RALEIGH — Starting Sept. 1, developers in Raleigh will have a new set of rules governing everything from the size of parking lots to the heights of buildings.
The Raleigh City Council signed off Monday on the final draft of the unified development ordinance, which has been in the works for years. The overhaul aims to scrap the old suburban model in favor of rules that foster a walkable, transit-friendly city with a number of high-density, mixed-use districts.
As the council worked on last-minute tweaks to satisfy residents and the development community, planners and developers have been attending workshops to learn what it means for them. “We’re very confident in how this is going, and we’re ready to go live Sept. 1,” planning director Mitchell Silver said.
The guidelines – far more specific than current rules – are expected to reduce the need for contentious negotiations between developers and neighbors. The council had a particular development controversy in mind as they added a final provision before Monday’s vote.

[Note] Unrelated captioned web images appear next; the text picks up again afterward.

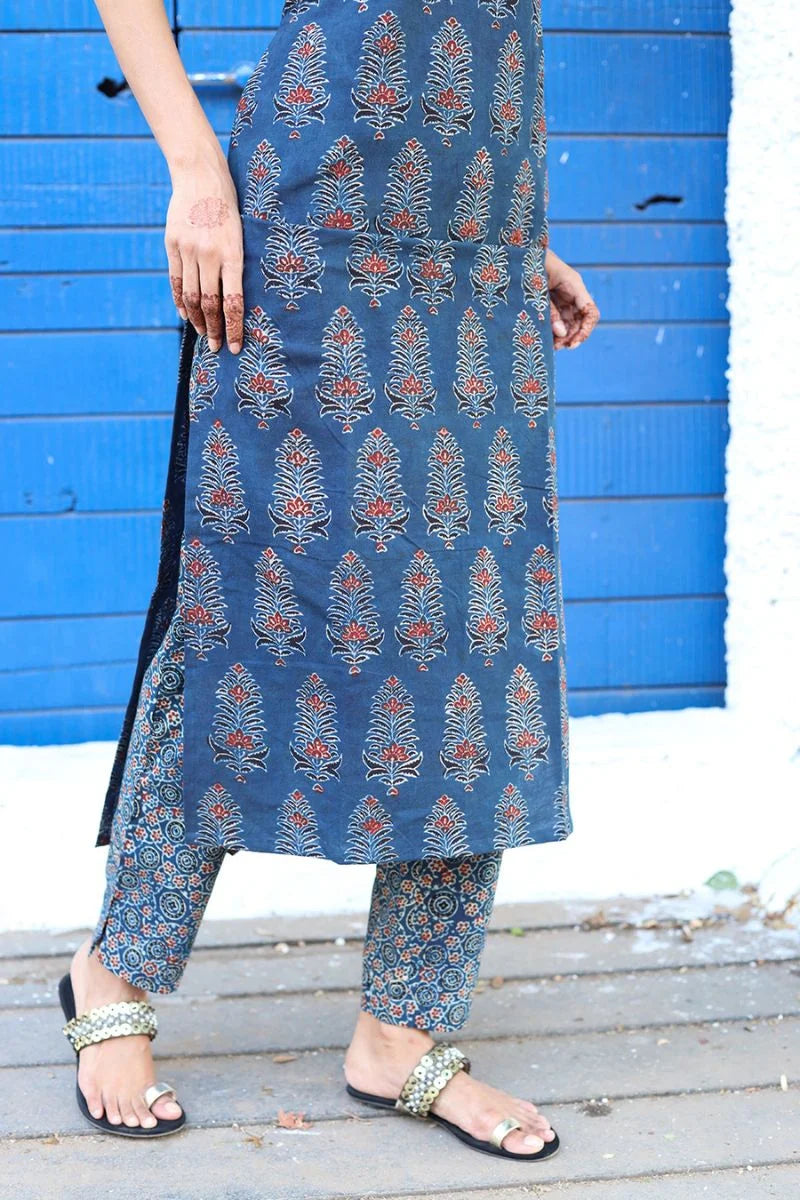 Aaraam Aasmani Kurta Pant Set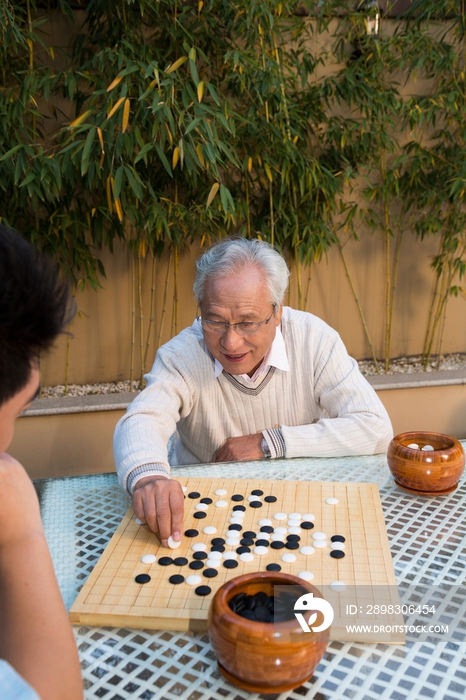 父子在院子里下棋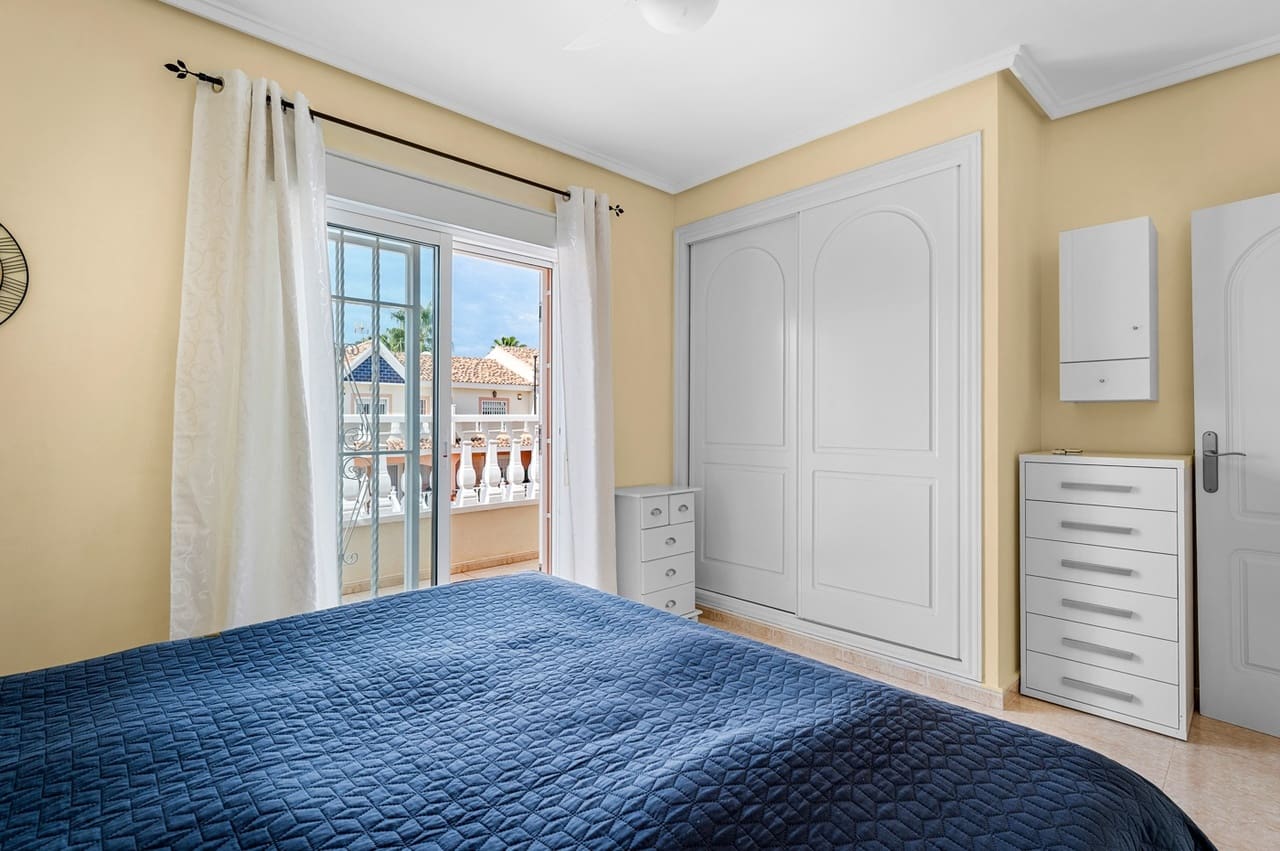 3 soveværelse Byhus til salg i Ciudad Quesada med swimmingpool - € 269.000 (Ref: 10132634)
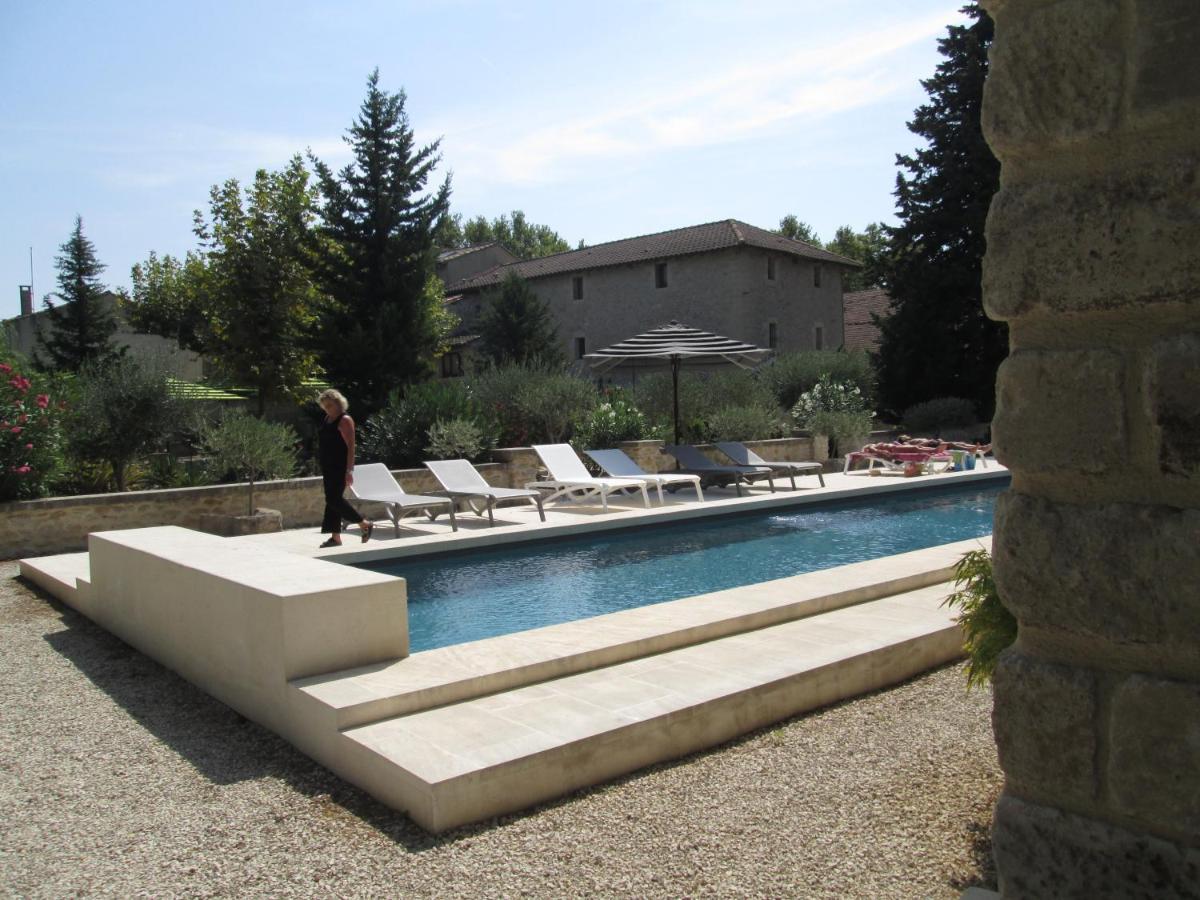 Le Mas Vieux Graveson Exterior photo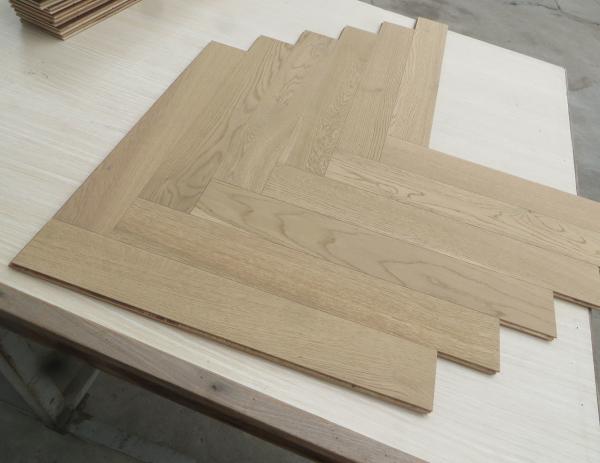 Prime Herringbone Oak Engineered Wood Flooring, Slight Brushed, Natural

Earlier this year, neighbors were upset that a proposed apartment development on Oberlin Road was planning a rear driveway on Daniels Street, which runs through a residential neighborhood. The driveway plan was dropped, but Cameron Village neighbors want the new code to ban similar proposals in the future.
Sallie Ricks was among the residents who wrote to the council. “Dumping large amounts of traffic on a few neighborhood streets adjacent to new development will erode the quality of life of those people who live there,” she wrote.
But Jim Belt, president of the Downtown Living Advocates, cautioned that rigid driveway rules could make it harder to build mixed-use developments.
The council heeded the worries from Cameron Village, restricting access to neighborhood streets from apartments and commercial developments unless the driveways are close to a major intersection.
The code also got several other tweaks in response to developers’ requests:
Easier open space: The code requires new developments to preserve at least 10 percent of the property as open space. In downtown, that space would have to be adjacent to the sidewalk and include outdoor seating.
Developers, however, wanted to build on more of the lots and suggested moving that open space upstairs for a rooftop deck or something similar. The council agreed to allow up to half of the required open space on upper floors away from the street.
High-rise designs: City planners want the city’s tall buildings to look less imposing from the street – and generate less wind – by requiring “stepbacks.” That’s where the building face is flush with the sidewalk for the first few floors, then “steps back” a few feet on higher stories.
The first draft of the code required two stepbacks for buildings taller than five stories – one at the fifth floor and another at the 12th. Now the code will require only one stepback anywhere between the third and eighth floors.